===== Record set =====

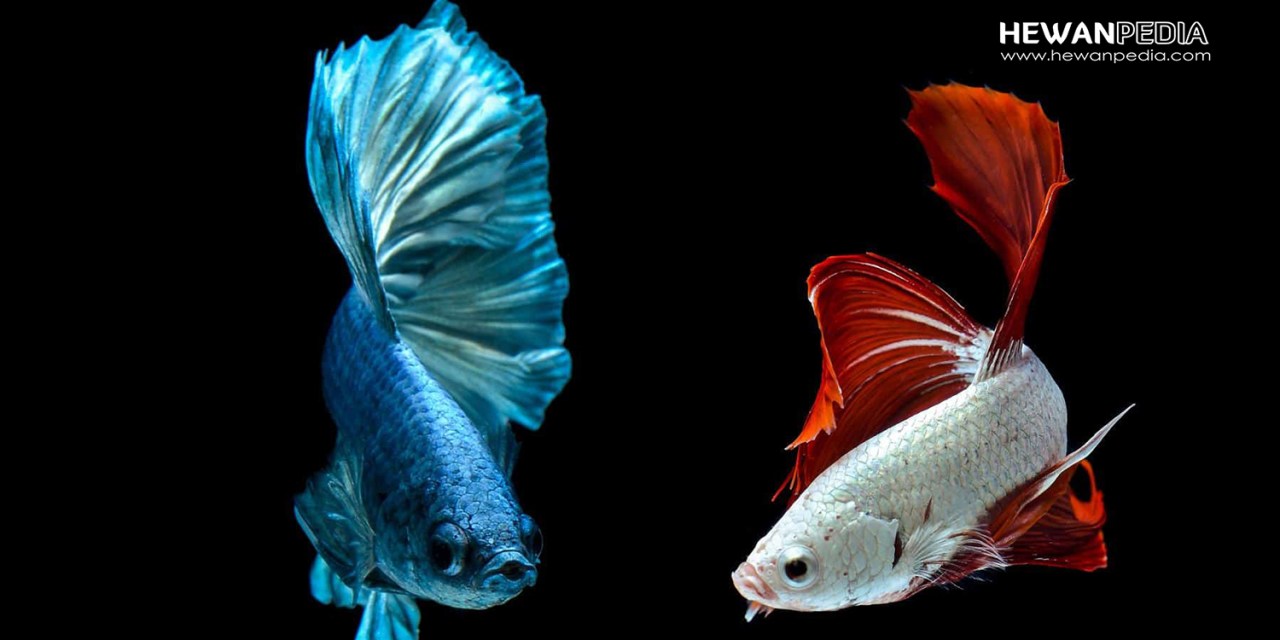Detail Dp Ikan Nomer 35
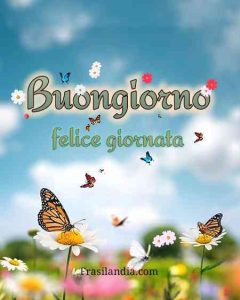 Buongiorno, felice giornata.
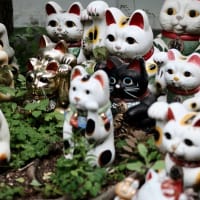 人形供養-和歌山県和歌山市：加太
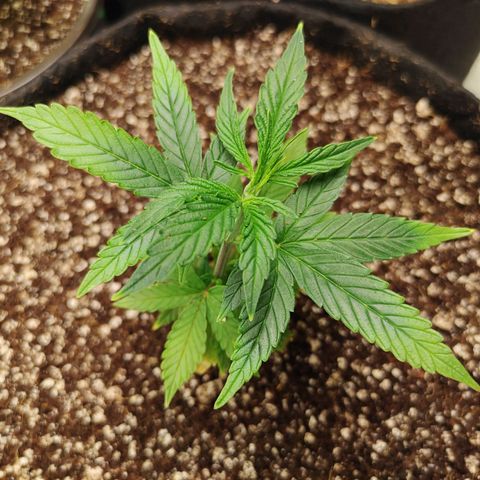 Zkittlez C2 H P2 growlog timeline photo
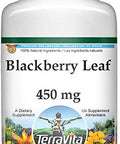 Terravita Blackberry Leaf - 450 Mg (100 Capsules, Zin: 512747)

=====

> _Problem details_: Beginning with the line that contains "Zkittlez C2 H P2 growlog timeline photo" and ending with the last line of the data above, output those lines exactly and nothing more, without any pictures.

> _Reply to the exercise_:
 Zkittlez C2 H P2 growlog timeline photo
 Terravita Blackberry Leaf - 450 Mg (100 Capsules, Zin: 512747)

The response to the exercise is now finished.